To do:
Write out the data exactly, please, and omit the pictures.

(Dataset entries)
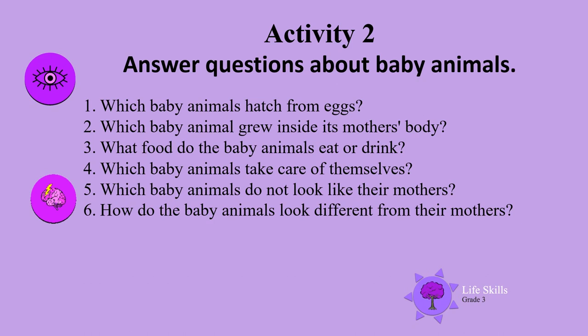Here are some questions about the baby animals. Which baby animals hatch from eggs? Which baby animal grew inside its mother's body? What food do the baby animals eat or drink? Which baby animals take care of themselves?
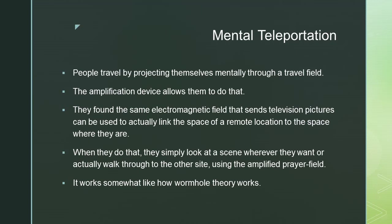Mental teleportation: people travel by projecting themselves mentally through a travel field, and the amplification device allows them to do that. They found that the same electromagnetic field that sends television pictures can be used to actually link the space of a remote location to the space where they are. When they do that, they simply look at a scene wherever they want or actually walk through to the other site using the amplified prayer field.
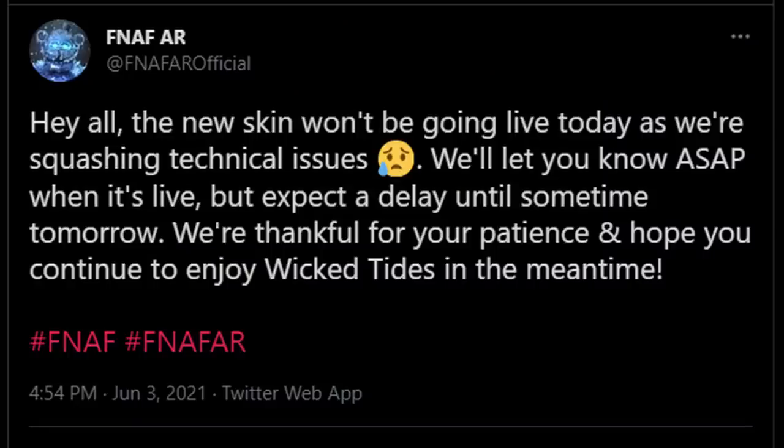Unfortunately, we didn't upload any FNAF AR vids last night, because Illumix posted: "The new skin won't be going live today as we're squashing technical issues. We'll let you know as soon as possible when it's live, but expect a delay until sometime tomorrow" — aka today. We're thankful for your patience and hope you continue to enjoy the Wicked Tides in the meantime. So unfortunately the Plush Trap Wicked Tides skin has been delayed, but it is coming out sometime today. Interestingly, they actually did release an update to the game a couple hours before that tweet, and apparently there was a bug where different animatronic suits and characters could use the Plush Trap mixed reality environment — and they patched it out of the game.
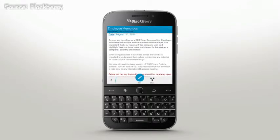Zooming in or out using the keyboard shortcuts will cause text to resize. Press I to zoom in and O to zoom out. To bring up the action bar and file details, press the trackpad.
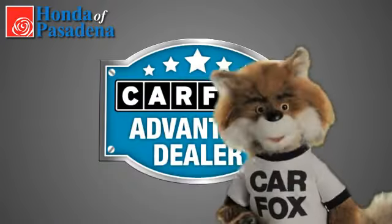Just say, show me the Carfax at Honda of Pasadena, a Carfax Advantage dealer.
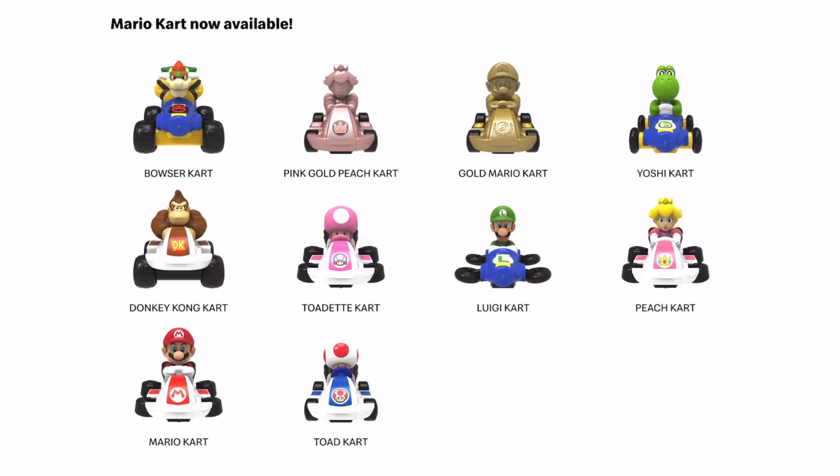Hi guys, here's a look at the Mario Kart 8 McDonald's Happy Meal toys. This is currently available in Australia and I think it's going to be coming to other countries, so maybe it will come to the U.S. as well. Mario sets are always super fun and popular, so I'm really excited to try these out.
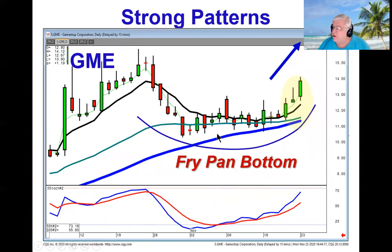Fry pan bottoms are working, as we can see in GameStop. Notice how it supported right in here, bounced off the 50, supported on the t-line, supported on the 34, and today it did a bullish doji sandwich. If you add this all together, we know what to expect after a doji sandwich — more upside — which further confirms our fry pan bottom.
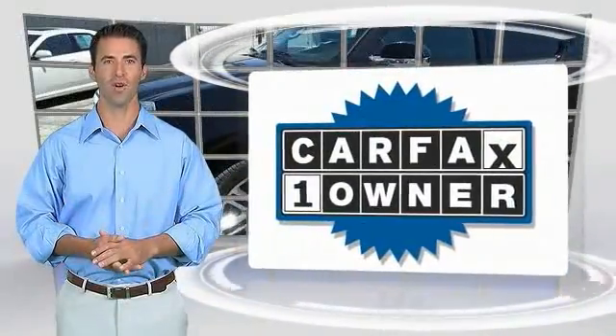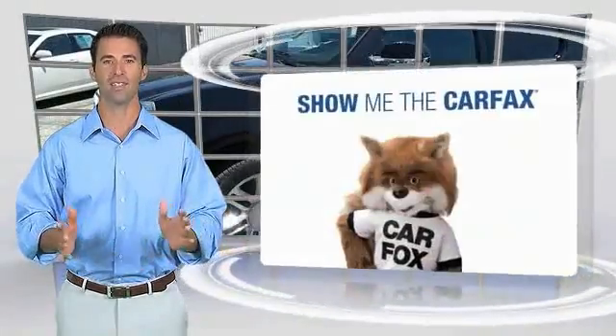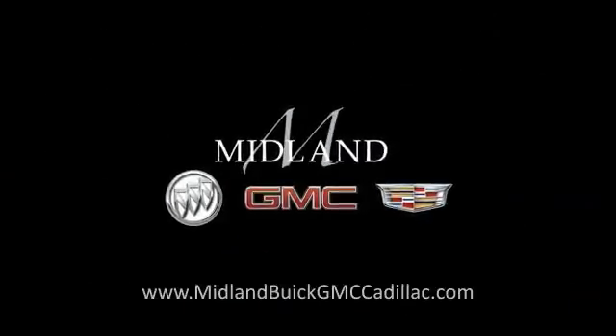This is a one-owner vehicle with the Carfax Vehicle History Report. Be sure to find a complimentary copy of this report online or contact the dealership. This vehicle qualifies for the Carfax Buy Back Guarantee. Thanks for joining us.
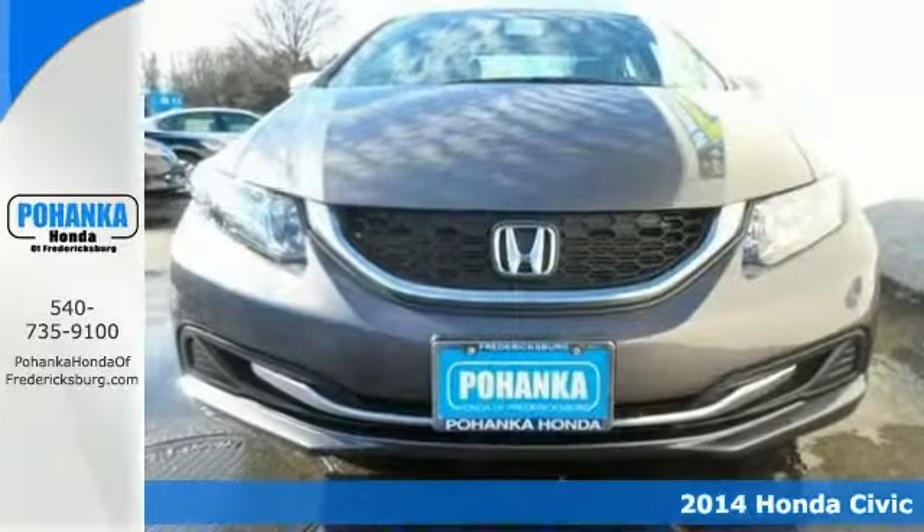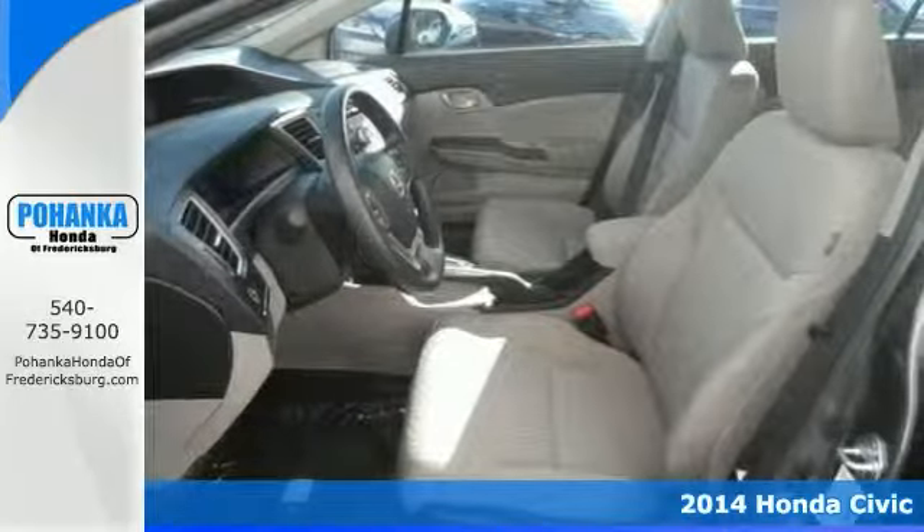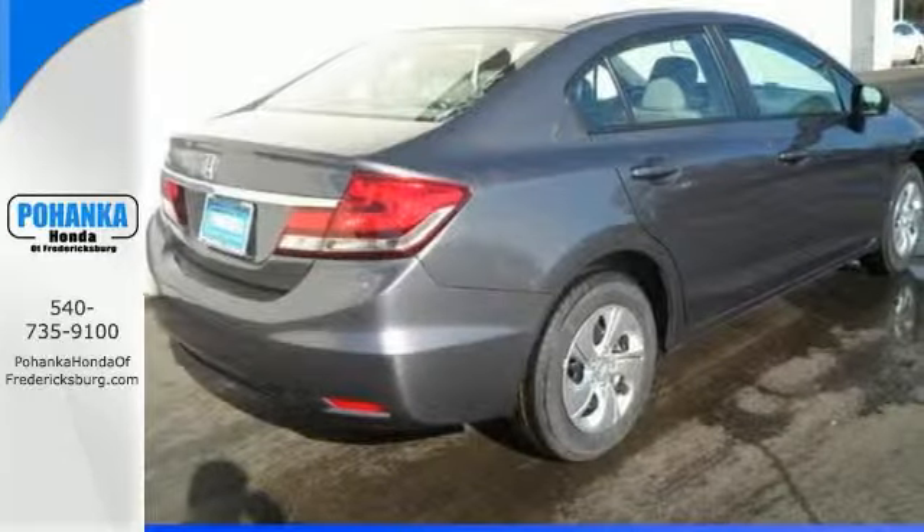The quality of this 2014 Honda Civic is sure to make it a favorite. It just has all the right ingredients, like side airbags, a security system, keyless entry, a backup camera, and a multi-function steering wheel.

Response box:
Here are some questions about the baby animals. Which baby animals hatch from eggs? Which baby animal grew inside its mother's body? What food do the baby animals eat or drink? Which baby animals take care of themselves?
Mental teleportation: people travel by projecting themselves mentally through a travel field, and the amplification device allows them to do that. They found that the same electromagnetic field that sends television pictures can be used to actually link the space of a remote location to the space where they are. When they do that, they simply look at a scene wherever they want or actually walk through to the other site using the amplified prayer field.
Unfortunately, we didn't upload any FNAF AR vids last night, because Illumix posted: "The new skin won't be going live today as we're squashing technical issues. We'll let you know as soon as possible when it's live, but expect a delay until sometime tomorrow" — aka today. We're thankful for your patience and hope you continue to enjoy the Wicked Tides in the meantime. So unfortunately the Plush Trap Wicked Tides skin has been delayed, but it is coming out sometime today. Interestingly, they actually did release an update to the game a couple hours before that tweet, and apparently there was a bug where different animatronic suits and characters could use the Plush Trap mixed reality environment — and they patched it out of the game.
Zooming in or out using the keyboard shortcuts will cause text to resize. Press I to zoom in and O to zoom out. To bring up the action bar and file details, press the trackpad.
Just say, show me the Carfax at Honda of Pasadena, a Carfax Advantage dealer.
Hi guys, here's a look at the Mario Kart 8 McDonald's Happy Meal toys. This is currently available in Australia and I think it's going to be coming to other countries, so maybe it will come to the U.S. as well. Mario sets are always super fun and popular, so I'm really excited to try these out.
Fry pan bottoms are working, as we can see in GameStop. Notice how it supported right in here, bounced off the 50, supported on the t-line, supported on the 34, and today it did a bullish doji sandwich. If you add this all together, we know what to expect after a doji sandwich — more upside — which further confirms our fry pan bottom.
This is a one-owner vehicle with the Carfax Vehicle History Report. Be sure to find a complimentary copy of this report online or contact the dealership. This vehicle qualifies for the Carfax Buy Back Guarantee. Thanks for joining us.
The quality of this 2014 Honda Civic is sure to make it a favorite. It just has all the right ingredients, like side airbags, a security system, keyless entry, a backup camera, and a multi-function steering wheel.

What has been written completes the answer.